AFP is soliciting volunteers to provide guidance and input for comment letters to federal agencies and Congressional Committees on OTC derivatives. If you are interested, please contact Jeanine Arnett, Government Relations Manager at 301-961-8853 or jarnett@afponline.org.

Derivatives Live Blogging III

Wednesday, October 7th, 2009

House Financial Services Committee Chairman Barney Frank (D-MA) ended his questions for CFTC Chairman Gary Gensler and Henry Hu of the SEC by indicating that he largely agreed with the points that they raised about the OTC derivatives reform draft. You can read their testimony here and here.
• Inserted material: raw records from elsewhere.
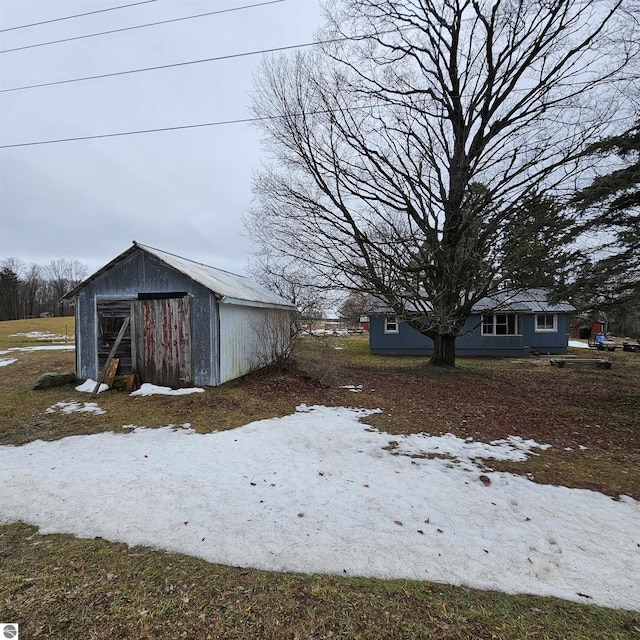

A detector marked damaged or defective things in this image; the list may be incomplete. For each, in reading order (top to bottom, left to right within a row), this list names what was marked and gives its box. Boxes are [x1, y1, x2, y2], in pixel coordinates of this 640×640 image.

rusty red door panel [134, 298, 192, 388]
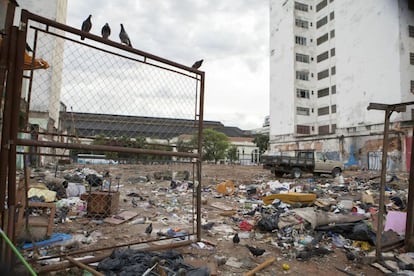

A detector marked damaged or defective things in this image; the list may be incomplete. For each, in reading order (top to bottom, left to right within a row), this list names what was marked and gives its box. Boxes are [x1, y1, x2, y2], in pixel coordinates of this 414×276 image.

rusty metal gate [0, 7, 204, 272]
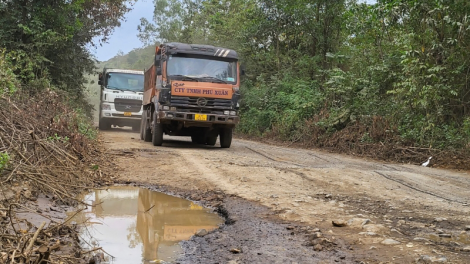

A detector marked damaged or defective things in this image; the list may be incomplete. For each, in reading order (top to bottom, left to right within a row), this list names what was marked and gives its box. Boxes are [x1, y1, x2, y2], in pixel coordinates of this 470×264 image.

pothole [70, 186, 224, 264]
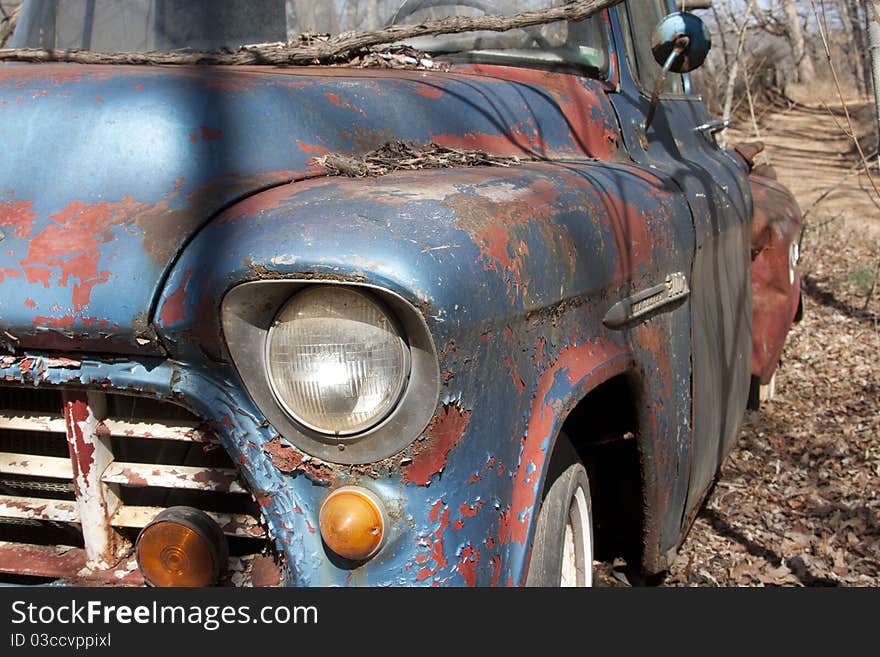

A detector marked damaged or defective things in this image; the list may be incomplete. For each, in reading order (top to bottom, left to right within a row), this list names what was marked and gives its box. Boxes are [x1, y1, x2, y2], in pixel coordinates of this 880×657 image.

rusted metal panel [0, 452, 72, 476]
rusted metal panel [62, 390, 126, 568]
rusted metal panel [103, 462, 248, 492]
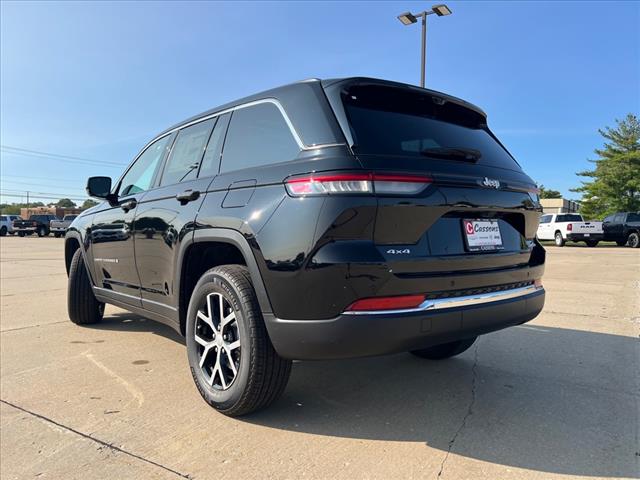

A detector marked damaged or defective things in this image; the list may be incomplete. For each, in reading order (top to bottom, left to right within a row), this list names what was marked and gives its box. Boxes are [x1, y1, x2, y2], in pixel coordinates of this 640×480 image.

crack in pavement [0, 398, 192, 480]
crack in pavement [436, 344, 480, 478]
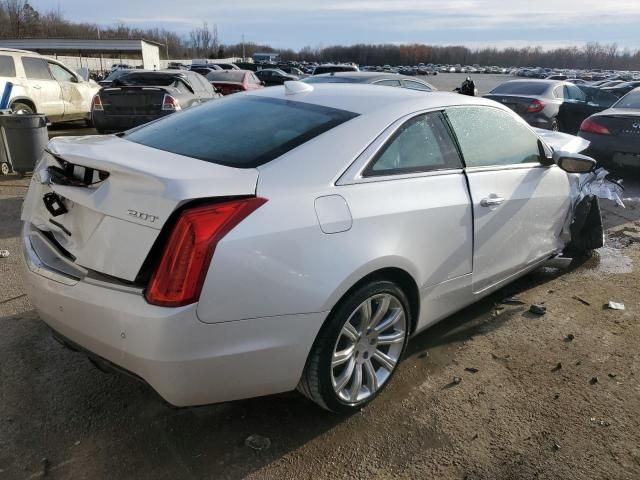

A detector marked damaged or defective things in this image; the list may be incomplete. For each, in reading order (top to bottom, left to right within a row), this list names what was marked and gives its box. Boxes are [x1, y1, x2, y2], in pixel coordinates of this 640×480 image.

wrecked vehicle [21, 83, 624, 412]
damaged white cadillac [22, 82, 624, 412]
broken side mirror [552, 152, 596, 174]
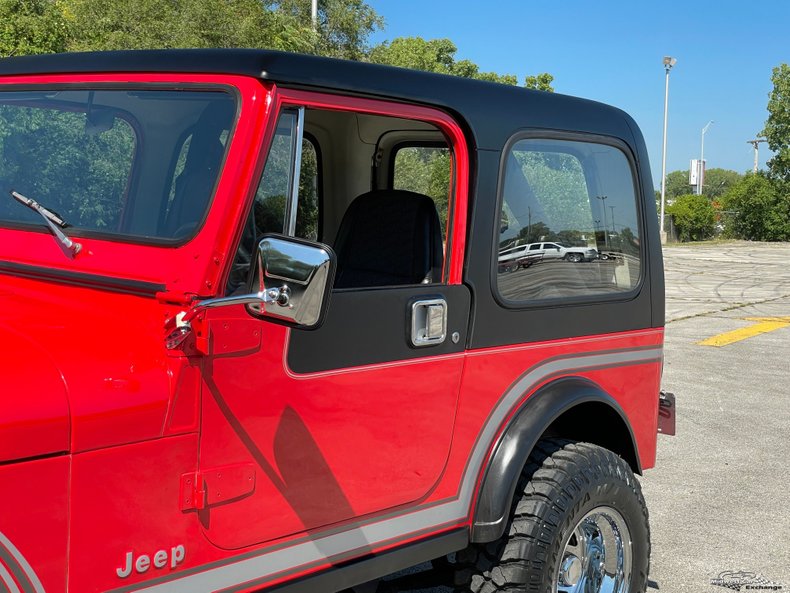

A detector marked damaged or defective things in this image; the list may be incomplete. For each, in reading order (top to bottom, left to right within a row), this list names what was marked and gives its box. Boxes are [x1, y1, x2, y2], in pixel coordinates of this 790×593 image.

cracked asphalt [366, 240, 790, 592]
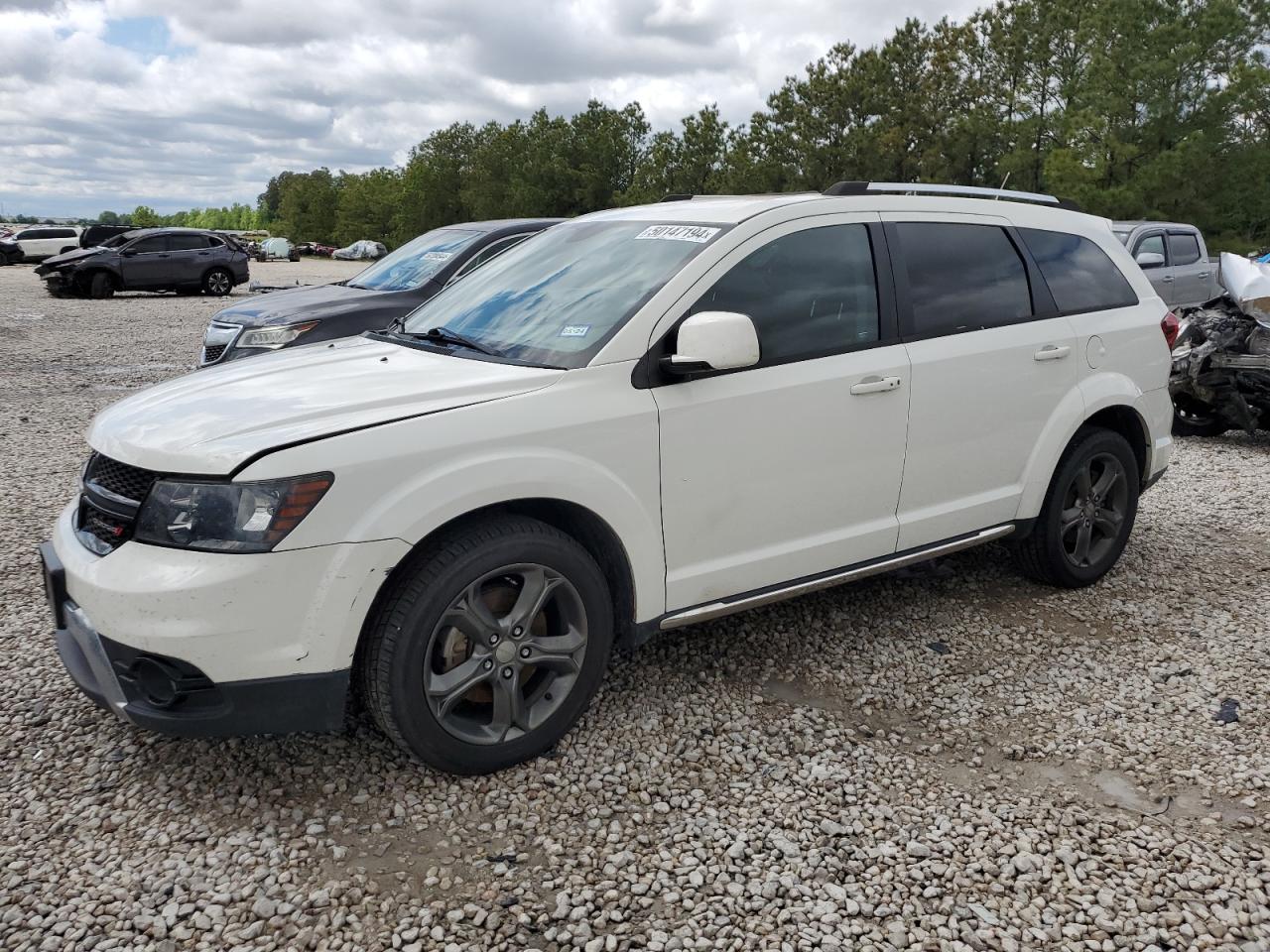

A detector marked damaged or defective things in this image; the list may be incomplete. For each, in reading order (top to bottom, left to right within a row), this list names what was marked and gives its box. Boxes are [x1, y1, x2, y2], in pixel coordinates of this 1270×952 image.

wrecked vehicle [35, 227, 251, 298]
damaged car [35, 227, 251, 298]
wrecked vehicle [329, 242, 383, 261]
wrecked vehicle [197, 219, 556, 365]
wrecked vehicle [1168, 250, 1270, 436]
damaged car [1168, 250, 1270, 436]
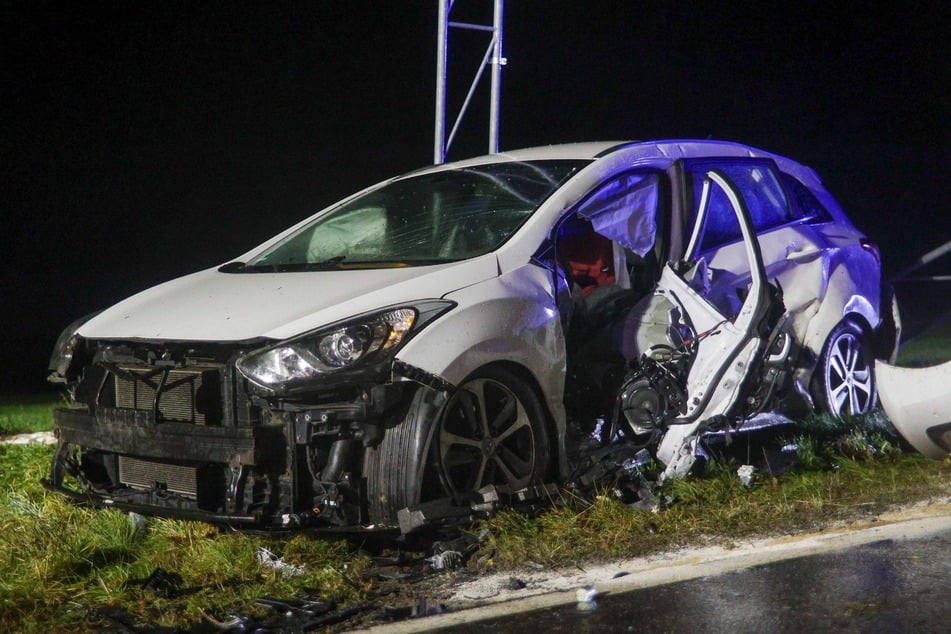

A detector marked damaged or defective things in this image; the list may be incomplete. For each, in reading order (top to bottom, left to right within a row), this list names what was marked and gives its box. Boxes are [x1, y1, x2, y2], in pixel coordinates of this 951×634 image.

crumpled car hood [80, 252, 498, 340]
wrecked silver car [44, 141, 896, 532]
mangled car door [644, 170, 776, 476]
torn sheet metal [876, 358, 951, 456]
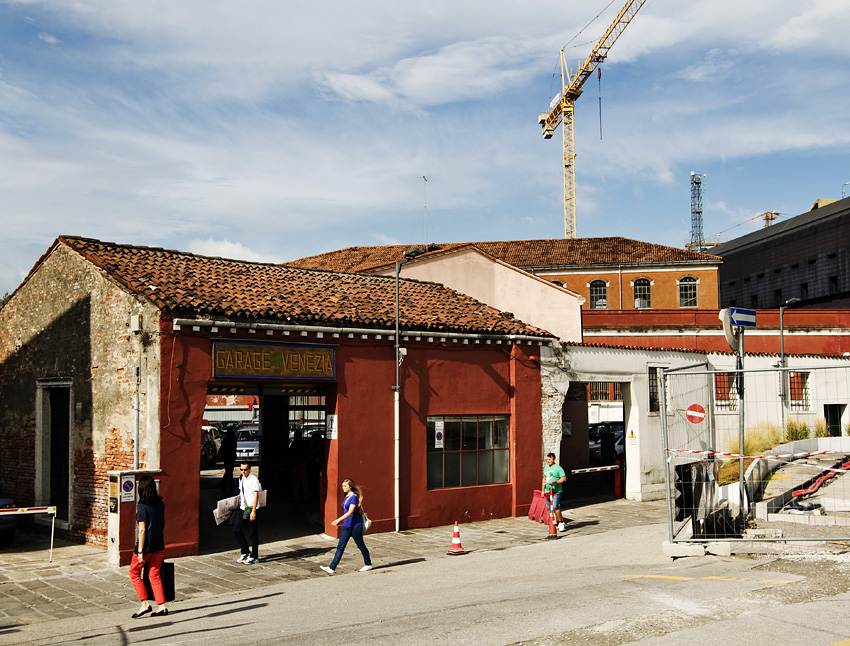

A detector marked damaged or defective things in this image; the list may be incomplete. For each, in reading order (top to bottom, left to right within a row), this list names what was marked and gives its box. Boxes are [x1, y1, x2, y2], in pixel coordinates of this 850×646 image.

peeling plaster wall [0, 246, 160, 548]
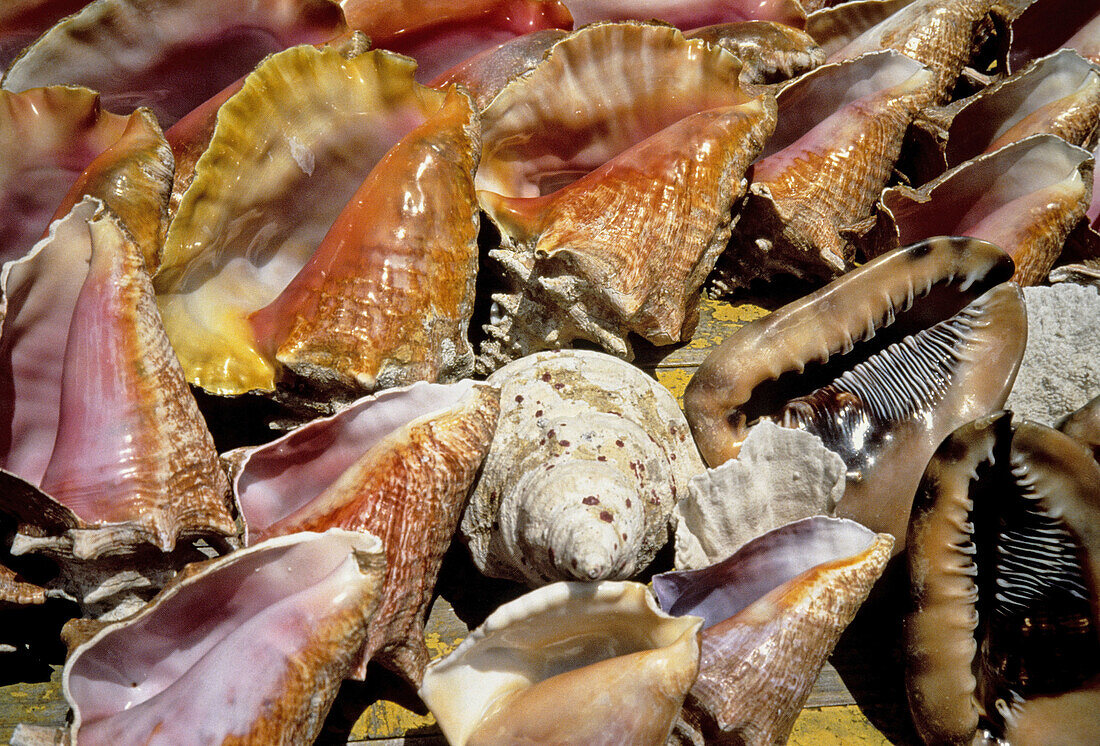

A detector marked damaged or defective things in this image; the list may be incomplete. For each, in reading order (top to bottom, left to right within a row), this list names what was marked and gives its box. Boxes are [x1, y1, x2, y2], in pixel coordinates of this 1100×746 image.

peeling yellow paint [787, 708, 888, 746]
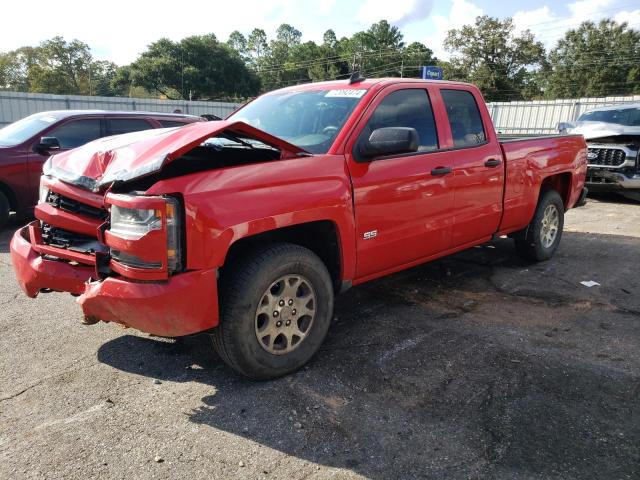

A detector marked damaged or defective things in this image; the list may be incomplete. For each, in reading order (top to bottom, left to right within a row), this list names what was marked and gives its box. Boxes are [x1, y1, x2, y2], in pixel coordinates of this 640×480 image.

crumpled hood [45, 120, 308, 191]
crumpled hood [564, 122, 640, 141]
exposed headlight [109, 204, 161, 240]
damaged front end [10, 122, 308, 336]
crushed front bumper [10, 223, 219, 336]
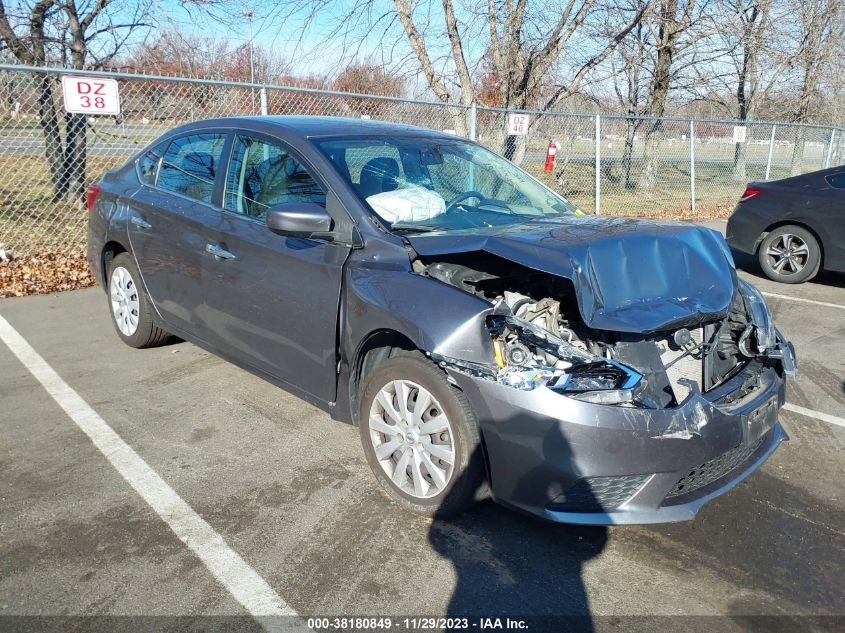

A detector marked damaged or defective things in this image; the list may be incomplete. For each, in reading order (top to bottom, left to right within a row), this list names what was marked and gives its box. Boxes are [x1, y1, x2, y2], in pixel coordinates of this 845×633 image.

The only time Rep. Frank disagreed with Gensler and Hu was when he felt their concerns would be better addressed by the House Agriculture Committee.

Derivatives Hearing Live Blogging II

Wednesday, October 7th, 2009

Gary Gensler, chairman of the CFTC, told the House Financial Services Committee that centralized clearing is key to improving the trade of OTC derivatives. “The standardized products should be moved on to these centralized trading facilities so we have transparency,” he said. “Transparancy benefits markets.”

Henry Hu, Director, Division of Risk, Strategy, and Financial Innovation with the SEC, said swaps should be regulated like their “references” to minimize arbitrage. He also said the draft should extend SEC’s anti-fraud and anti-manipulation authority. “The draft may have inadvertently weakened that authority,” he said.

In response, Frank said that some of the points they made fell under jurisdiction of the House Agriculture Committee. “Some of the points are jurisdictional disputes between the CFTC and SEC,” he added.